For wholesale lenders, what I think is the most challenging is the front end application intake to Loan Estimate stage. Instead of designing your own application intake process that you’re in control of, you can train your people around and you can very closely monitor, you are outsourcing that function to a third party. You will not be able to control the application flow on your own system; nor will you know exactly when the application has been submitted each time. You also won’t be generating the Loan Estimate yourself and making sure the estimates are good and reliable, based on the best information you have. Rather, for each application you’re going to be turning that over to third parties and different third parties at that. So the biggest challenge is how to manage that process.
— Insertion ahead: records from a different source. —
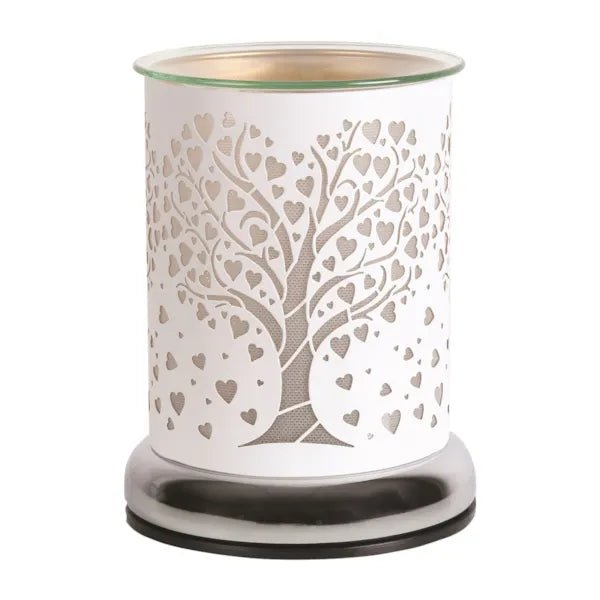 Satin White Heart Tree Wax Melt Burner - Something Different Gift Shop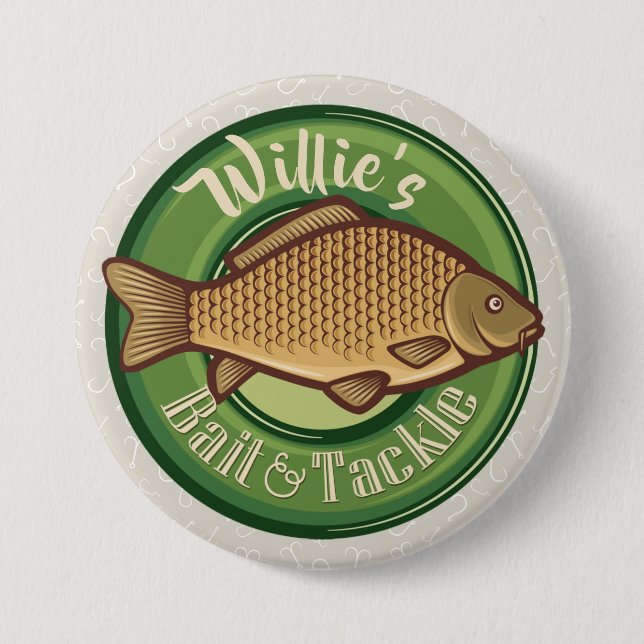 Personalized Fish and Tackle Shop Fishing Angler Button (Front)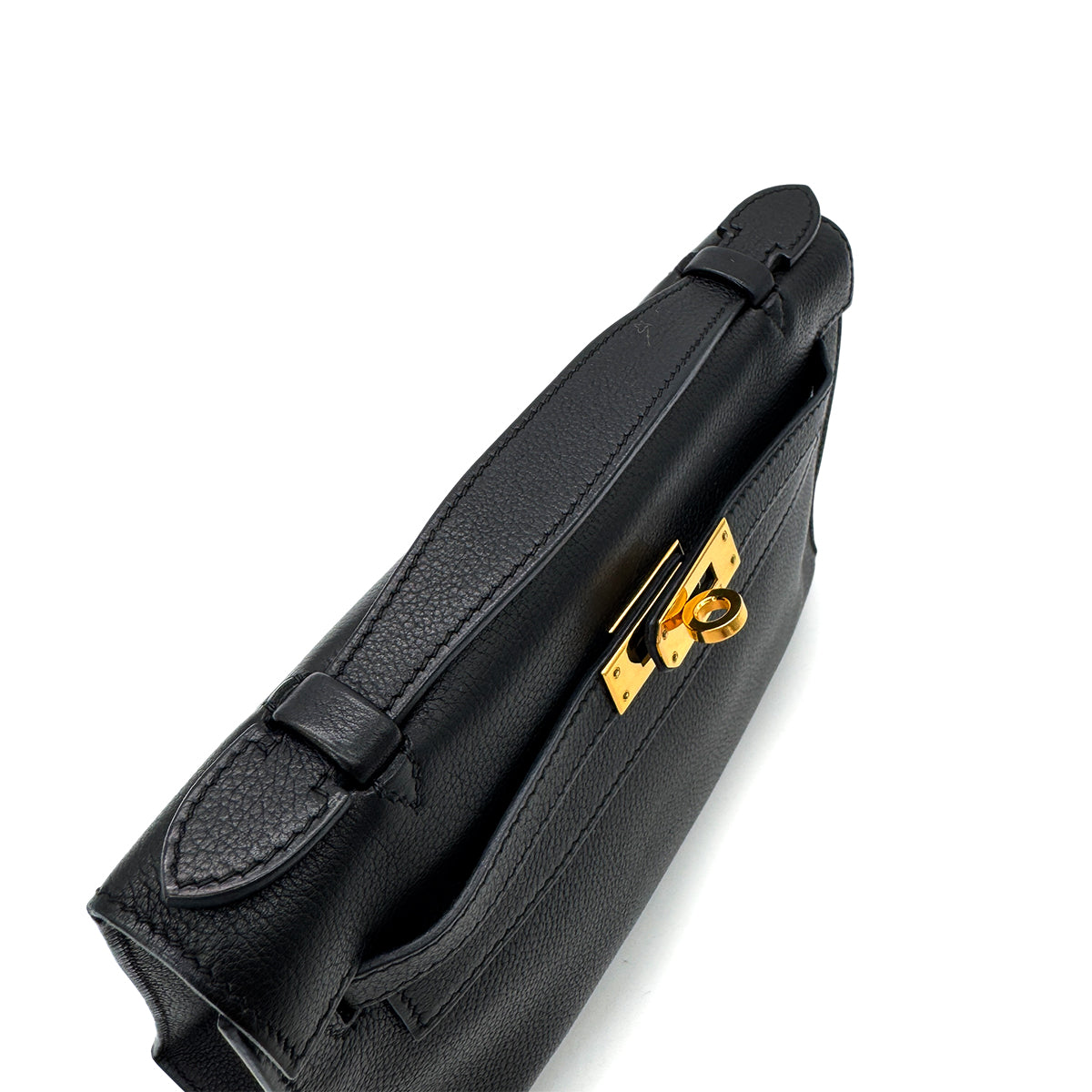 HERMES KELLY POCHETTE SELLIER BLACK EVERGRAIN HAND BAG □I GHW 90293008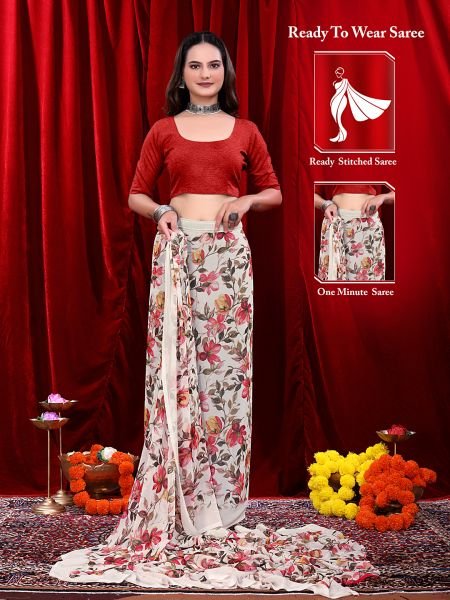 Ready to wear Floral Printed Georgette Saree Daily Deals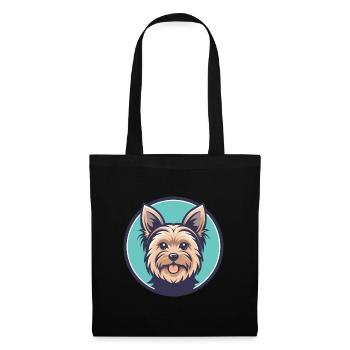 Yorkshire Terrier Dog Breed Cartoon Kawaii Clipart - Tote Bag - black - Front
How to make sure that your third party LOs are taking applications in a manner that is acceptable to you, your investors, and to the regulators. How to make sure you know that they are actually complying with the timing requirements and producing the Loan Estimates on time, and that the estimates they are providing are good and based on the same information that you would use—because you’re ultimately going to have to honor the estimate they’ve given and will be liable for the disclosures that they’ve given.
Those are challenges, but there are different ways of dealing with them. One is to closely monitor who you’re doing business with. Another way is to mitigate your risk somewhat and take more of the responsibility yourself as the wholesaler. You could accomplish this by letting the broker take the application, but as soon as the broker has an application, sending it to you and generating your own Loan Estimate. That’s one approach some people in the industry are doing and there’s nothing wrong with that. But you basically need to have realtime information if that’s what you’re going to do, because you’re still going to be on that 3-day clock that starts when the broker has received the application. In other words, you still will need to produce an estimate within the same time frame that the broker would have, so any lag in information flow could be a challenge for you.
The alternative is allowing the broker to provide the Loan Estimate for you. The rule does allow some flexibility for brokers to just take applications and generate Loan Estimates without a specific creditor in mind and leave the creditor’s name blank. That’s something you can do, but again, there’s more risk on your end doing business that way because it’s harder to monitor whether or not the estimates were really made according to what estimates and terms you would use if you are just taking an estimate a broker provided that wasn’t even really done with you in mind.
There are different ways of attacking that issue but the biggest challenge is really getting from application to Loan Estimate in a compliant manner and making sure the estimates you’ve been given and running with are reliable and good.
This transcript has been edited from the May 2015 round table discussion for clarity and completeness.